The initiative was never ours.
Before a single prayer crossed our lips, before the first act of repentance, before we even knew to turn our eyes in His direction — God was already moving toward us. He sent His only Son into the world, not as a reward for humanity’s faithfulness, but precisely in the midst of our unfaithfulness. This is the staggering logic of divine love: it does not wait for worthiness. It creates it.
John uses the word expiation — a word worth sitting with today. Expiation means to make amends, to remove the barrier that separates. Christ was not sent to appease an angry God, but to clear the path between a longing God and a wandering humanity. He absorbed the distance our sin had created and transformed it into an opening, a doorway, an invitation. The cross is not punishment in disguise; it is rescue at its most costly.
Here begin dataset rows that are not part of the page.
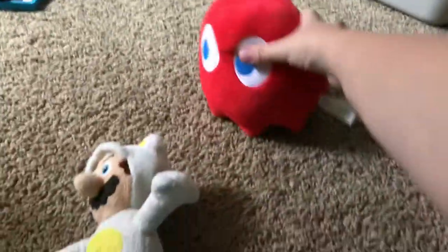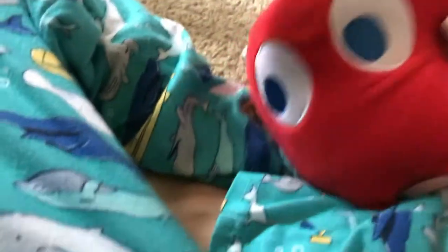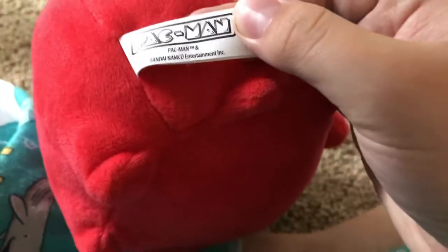Here we have the Blinky plus. He's about five inches. The reason why he's bigger is because he has his big eyes. He takes a Pac-Man from the Pac-Man game — that's the style from the original game. And he's Pac-Man with an Namco Entertainment ink.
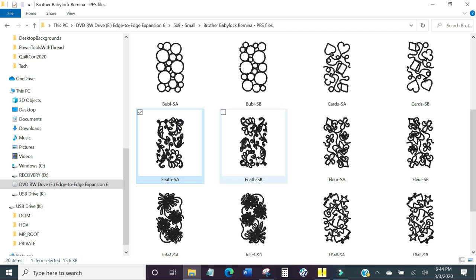Here's my Feather A and here's my Feather B. To select both, click on one, hold down the Shift key, and click on the next one — that highlights both at the same time. If you accidentally click and one goes away, just hold Shift and click the other one again. You don't have to copy these to your machine if you don't want to — you can leave them on the CD or move them into another folder on your computer. Make sure you also have a USB stick in your computer — the one you're going to use to take the files to your machine.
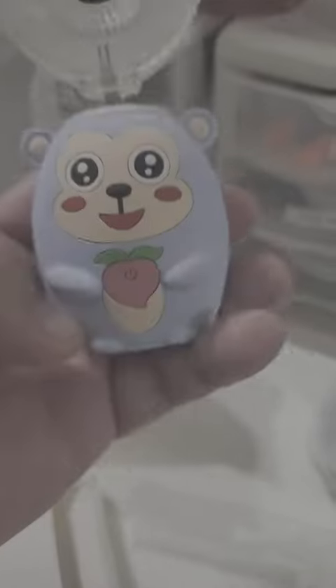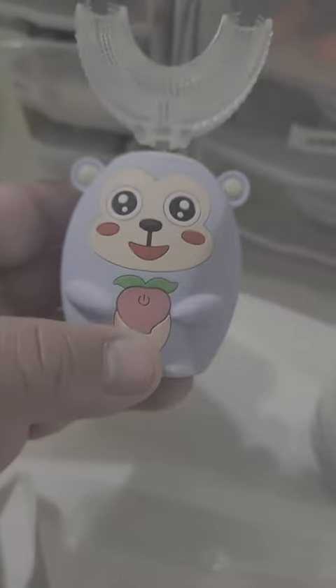It's also waterproof, and this cartoon design is a fun factor because my son would love this. Overall, I highly recommend this for kids. Thank you for watching.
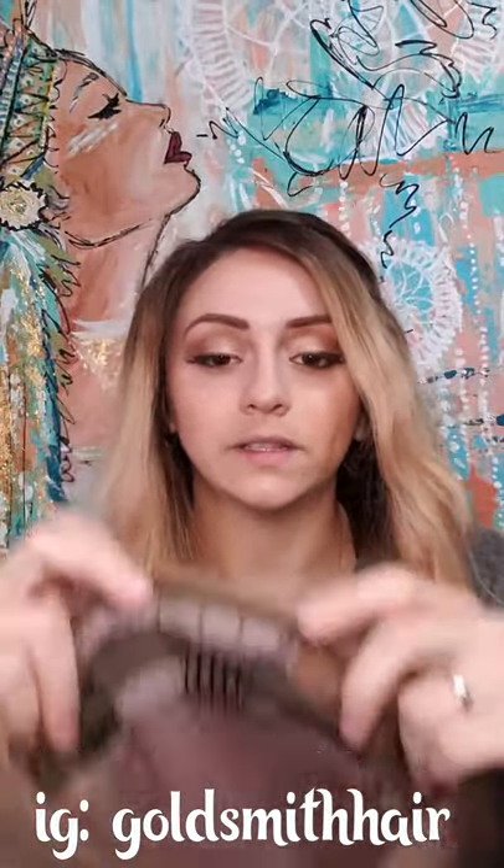Once you've got your unit out of the box, you're going to want to find where the front is. If you have a silk top, there'll be a little tiny square in the front. In the back, underneath, you'll notice bands — they kind of look like bra straps. You can adjust these bands to make the wig tighter — just pull nice and tight however tight you want. Your wig will have these unless otherwise requested.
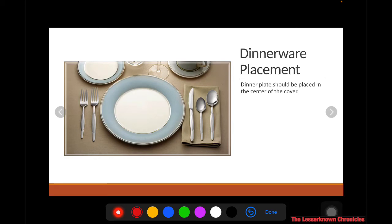The dinnerware should be placed in the center of the table. This is how you're going to set your table. The dinner plate is always at the center of the cover.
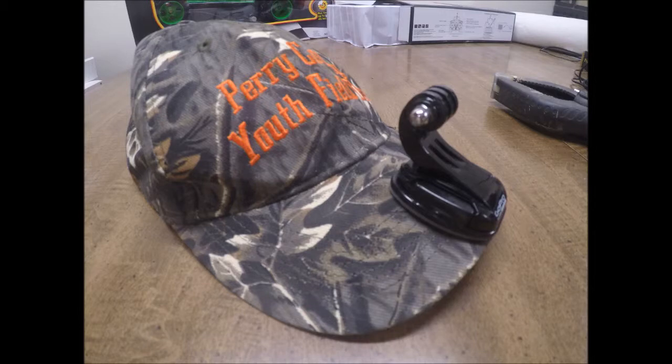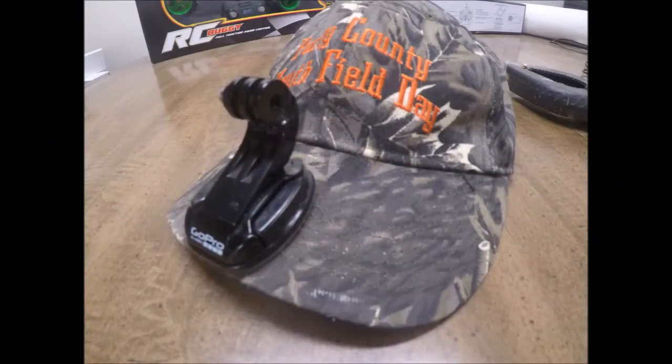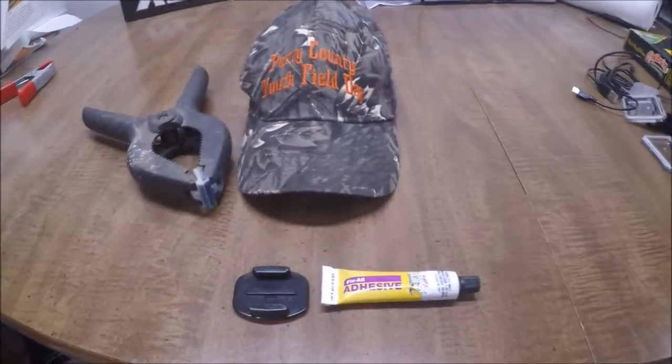Hey everybody, welcome to this video. Today I am going to be showing you how to make this GoPro head mount from just four simple things that cost less than five dollars.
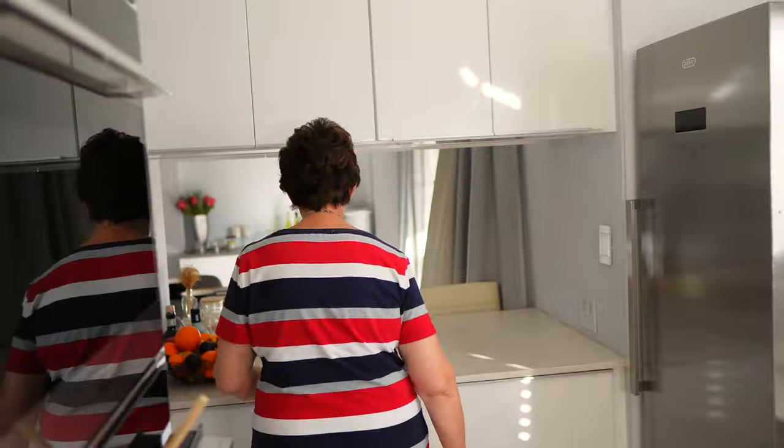That is all for today. Thank you so much for watching. If you like this video please subscribe, and I'll definitely see you next Sunday for the picnic video for episode two. Have a lovely Sunday. Bye!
This matters profoundly for how we understand our Lenten journey. We are not climbing a ladder trying to reach Someone who is waiting indifferently at the top. We are responding to Someone who has already descended, already knelt beside us in the dust, already whispered our name. Our fasting, our prayer, our almsgiving — these are not performances staged to earn divine attention. They are the language of a heart that is learning, slowly and imperfectly, to say thank you and yes and I trust you in return.
To become an intimate disciple — the kind of disciple who knows Christ not merely as Savior but as friend — we must first accept that we are already loved. Not when we improve. Not when we get Lent right. Now. As we are.
That is not a comfortable truth for those of us trained to earn our place. It asks us to lay down our spiritual résumé and simply receive. But this receptivity is not passivity — it is the most courageous act of faith we can offer. It means trusting that the God revealed in 1 John is not a God who keeps score, but a God who keeps searching, who keeps sending, who keeps loving — even when we are slow to love in return.
As this first week ends, let this be your prayer and your rest: He loved me first. Everything begins there.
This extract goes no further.